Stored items

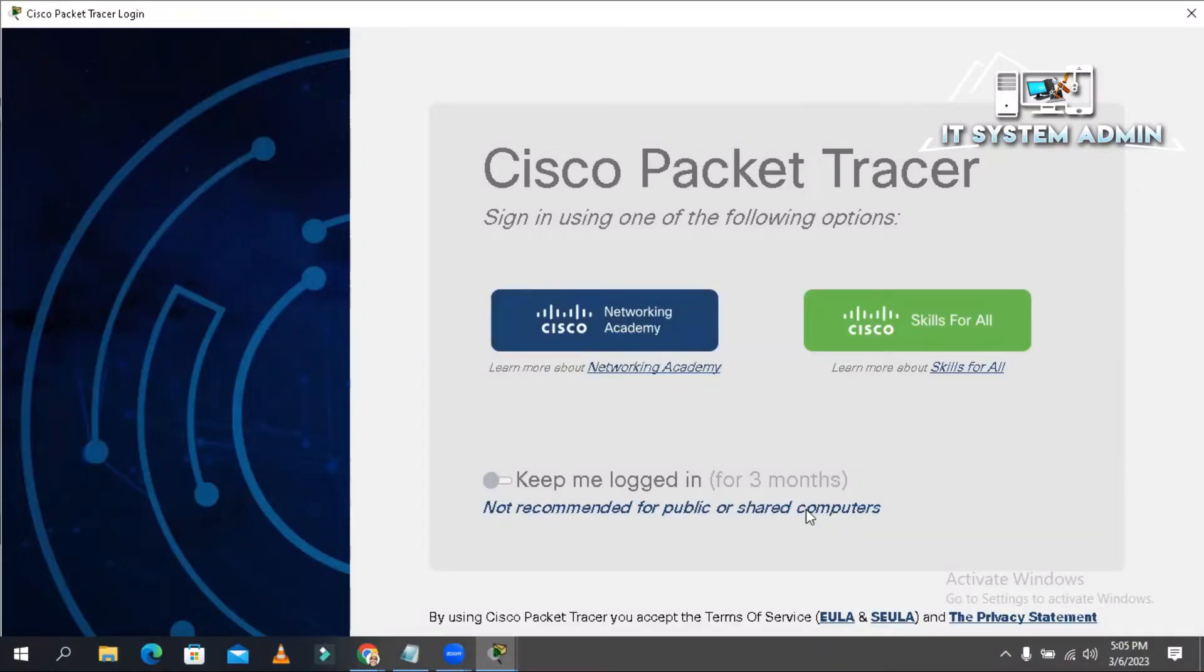Packet Tracer requires authentication to unlock the full functionality. Users that do not authenticate with their login and password will not be able to save work after complimentary shifts.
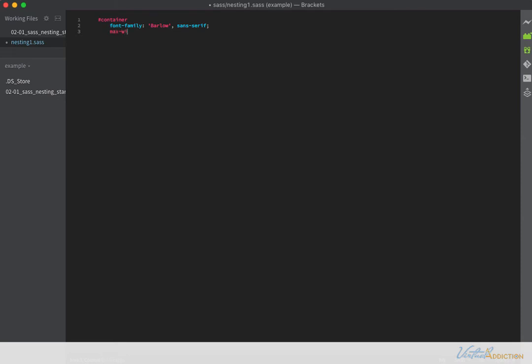We're going to specify that this page has a max width of 800 pixels. Another thing that we need to be careful of when we're writing with SASS is we need to make sure that we have this extra space right here. And I added a semicolon here. SASS doesn't need the semicolon so we just put new declarations on their own lines.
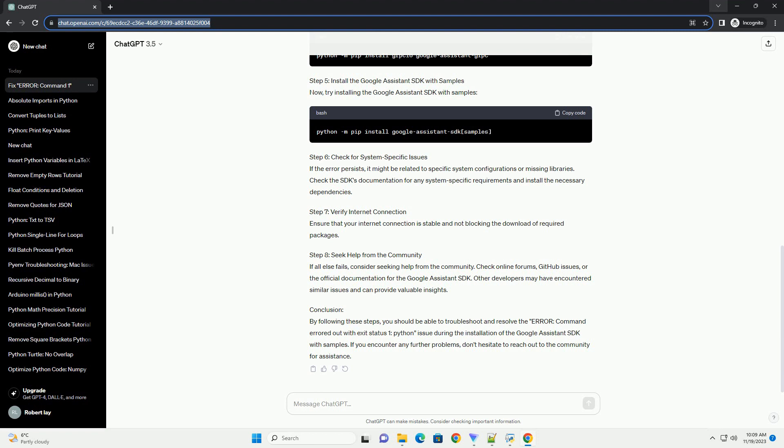Step 4: Install Required Dependencies. Install the required dependencies before attempting to install the Google Assistant SDK.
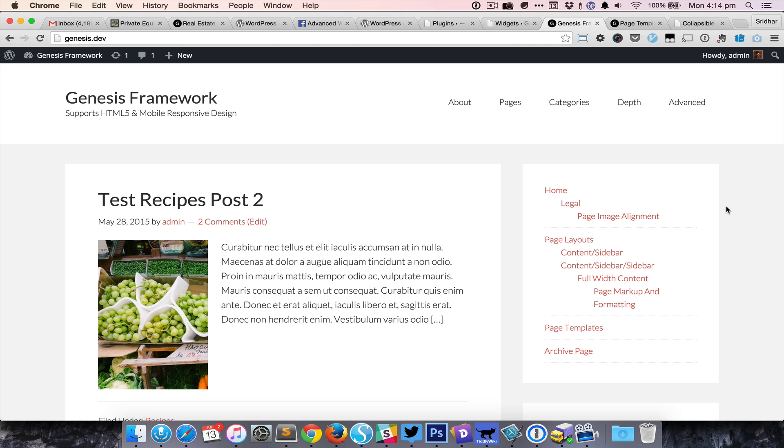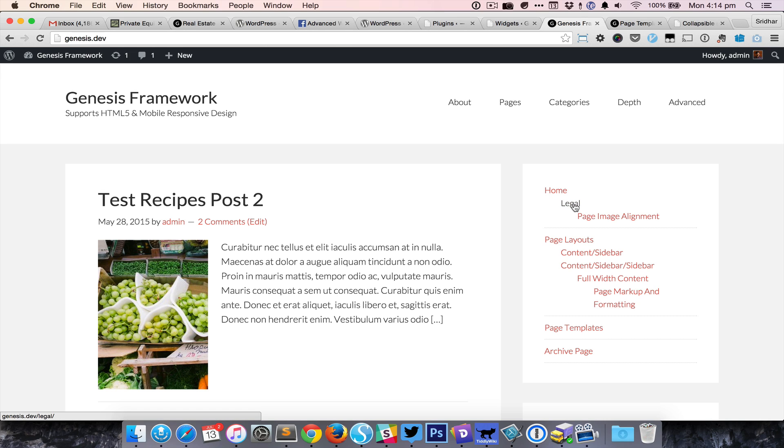The widget menu items have multiple levels. You can see we have Legal, which is a sub-item of Home, and Legal itself is a parent of Page Image Alignment.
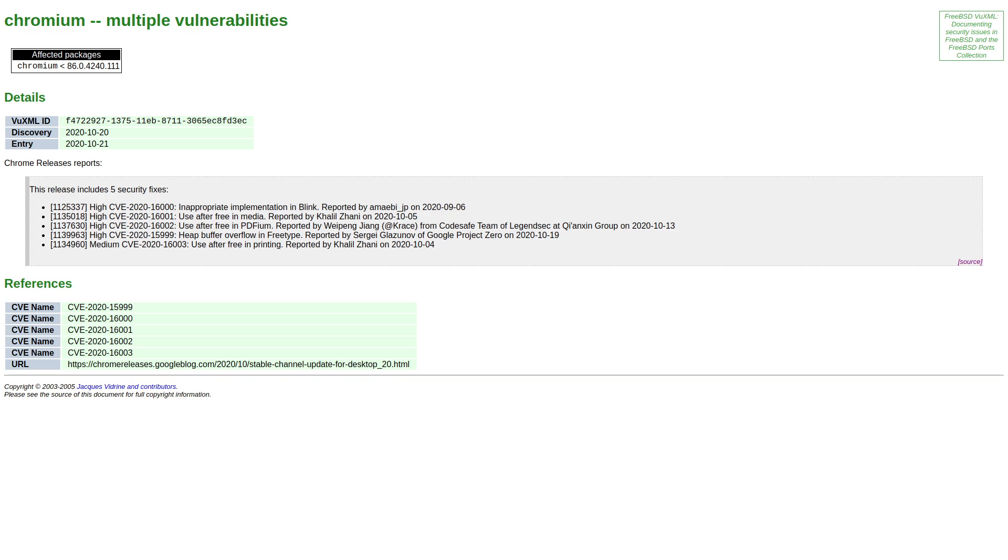There's a few new security vulnerabilities that have been discovered which affects pretty much every browser that's in existence, or at least all of the Chromium-based ones.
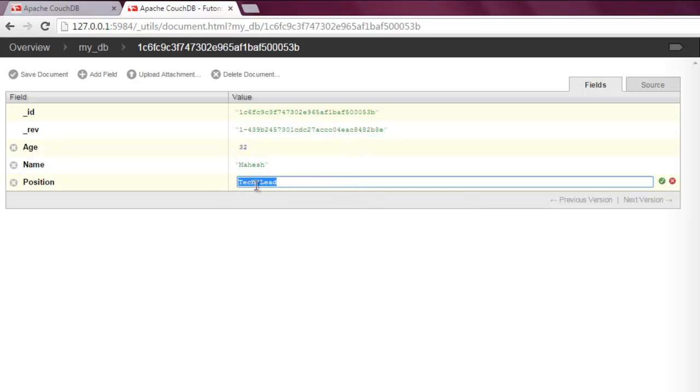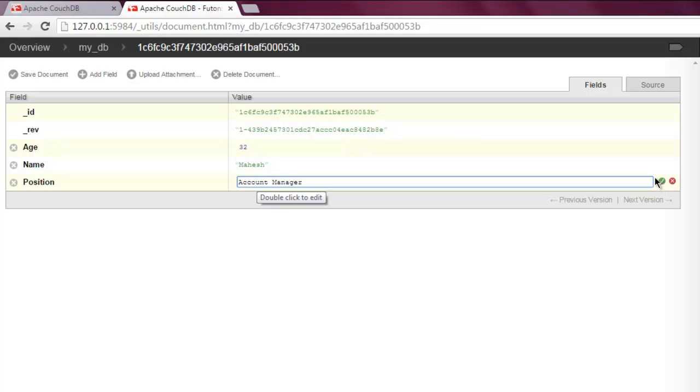Simply select that value, press delete button, and now change the value to the one that you want. Change this to something like this, and then to save that value you can simply click on that check box with green background.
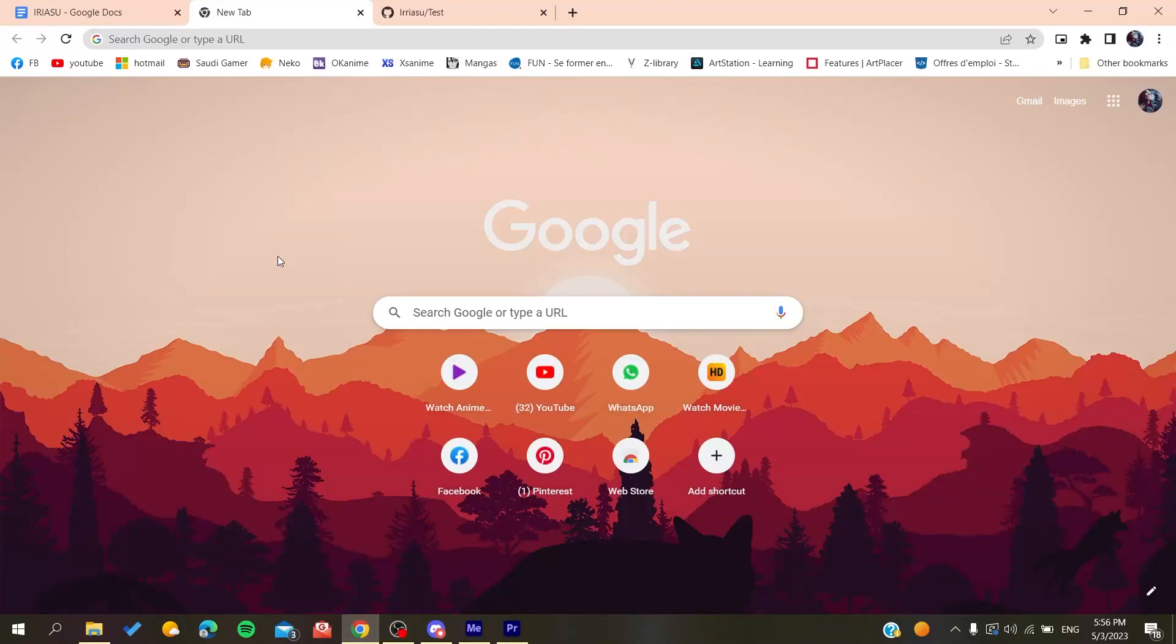Hello guys and welcome to a new brand video. In today's tutorial, I'm going to show you how to fork your own repository or your own project on GitHub. So the first thing to do is to open your web browser, whether it's Google Chrome, Mozilla Firefox, Microsoft Edge, or any web browser that you are using.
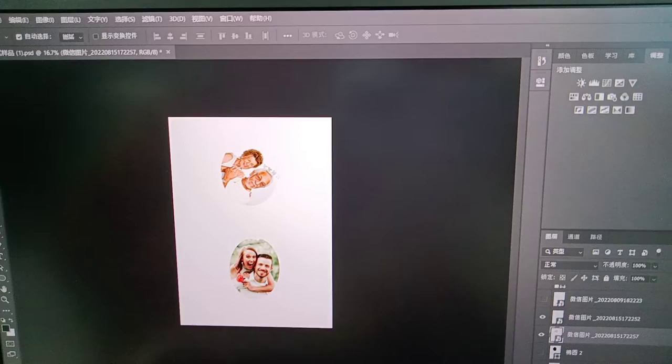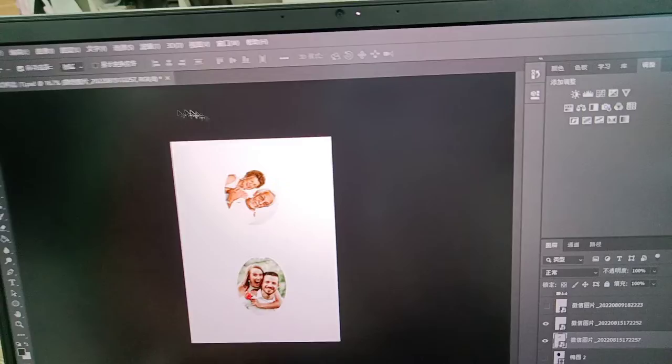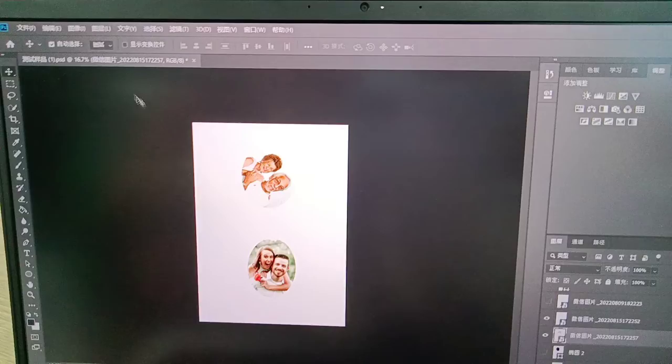We use photo software to beautify the customer's photos and set the size we need. Now we have beautified the photos and set the size that they want. Now, about the print.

#### Description of the task:
Among the entries above, copy exactly the stretch from the line holding "Simply select that" through the line holding "Hello guys and", leaving out any pictures.

#### Expected answer:
Simply select that value, press delete button, and now change the value to the one that you want. Change this to something like this, and then to save that value you can simply click on that check box with green background.
Hello guys and welcome to a new brand video. In today's tutorial, I'm going to show you how to fork your own repository or your own project on GitHub. So the first thing to do is to open your web browser, whether it's Google Chrome, Mozilla Firefox, Microsoft Edge, or any web browser that you are using.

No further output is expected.